Podcasts: "Lost" world
Ryan and Jen Ozawa, creators of the popular fan podcast "The Transmission," picked up on these themes early. Ryan says he first noticed the patterns in the show "the second time an episode opened with an eyeball. We knew something was up there."
Today, their podcast has cracked the iTunes top 10 list. At the heart of their show are fan theories — from around the world — run amok. Jen Ozawa says, " 'Lost' is a show that is better when watched in groups, and the podcast is the perfect way to do that."
Ryan Ozawa says, "The popularity of our 'Lost' podcast completely shocked us." Watching the iTunes most-popular list, "I was posting updates like a giddy schoolgirl — number 56! 40! 12! Then we broke the top 10, hitting number 7, and practically broke our server. To see our names up next to ESPN and CBS and NPR was incredible."
One of Ryan's favorite themes is "the apparent references to other shows or universes, from 'Forbidden Planet' to 'Peter Pan' to Hitchcock and Stephen King. Some of the parallels are so explicit, the show's creators have joked that they're glad Stephen King hasn't sued them."
Jen Ozawa says her favorite recurring element is the characters' names, which often reference other meaningful real-life characters. "I've always loved how you have Locke and Rousseau and someone named Christian Shepherd," she says. "And how Hurley's last name, Reyes, means 'king' [in Spanish], and he's filthy rich. All these little clues with the names are so cool. Lots of the listeners like pointing out literary and movie references."
These conspiracy theories are so much fun, so much a part of the show's culture, that even a "Lost" cast member called in to game the show.
"We got a call from Jorge Garcia, one of the stars [who plays Hurley], which blew our minds," Ryan says. "But he's always been the coolest cast member, interacting with fans online all the time."

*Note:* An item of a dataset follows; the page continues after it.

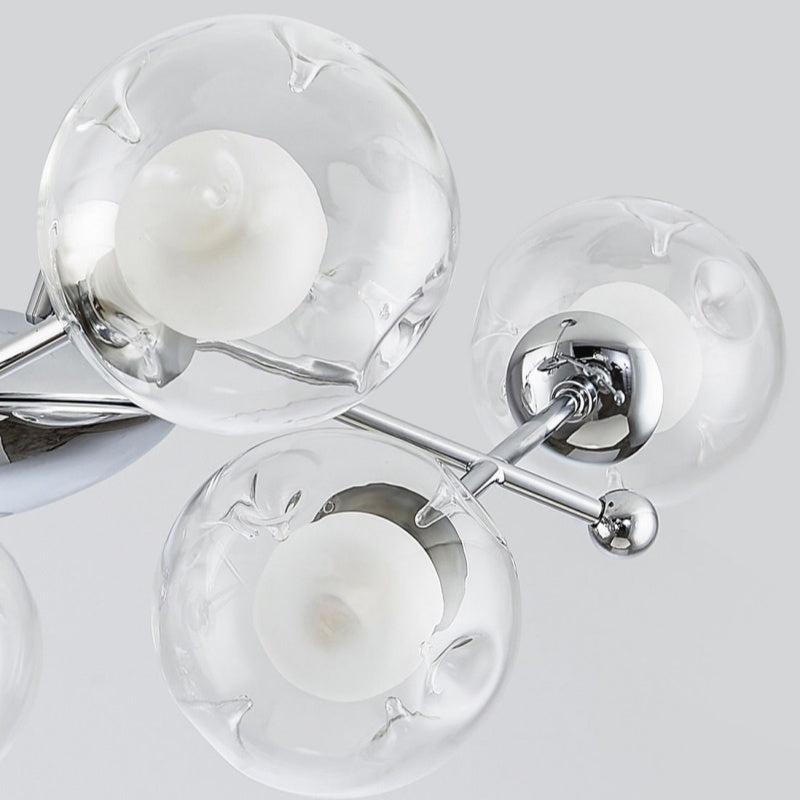 Valentina Moderno LED Lámparas de araña Cromo Vidrio Salón/Dormitorio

Garcia's theory? "He called as a fellow fan," Ryan says, "and not as someone with any inside scoop, and said that Locke's backgammon skills vs. Walt seemed suspicious. That maybe he, like Walt, has 'special abilities.'
"I love that a prime-time network TV show — usually considered a source of mind-numbing vapidity — is suddenly inspiring average Americans to read up on 'Gilgamesh' and history and Greek mythology and Christianity."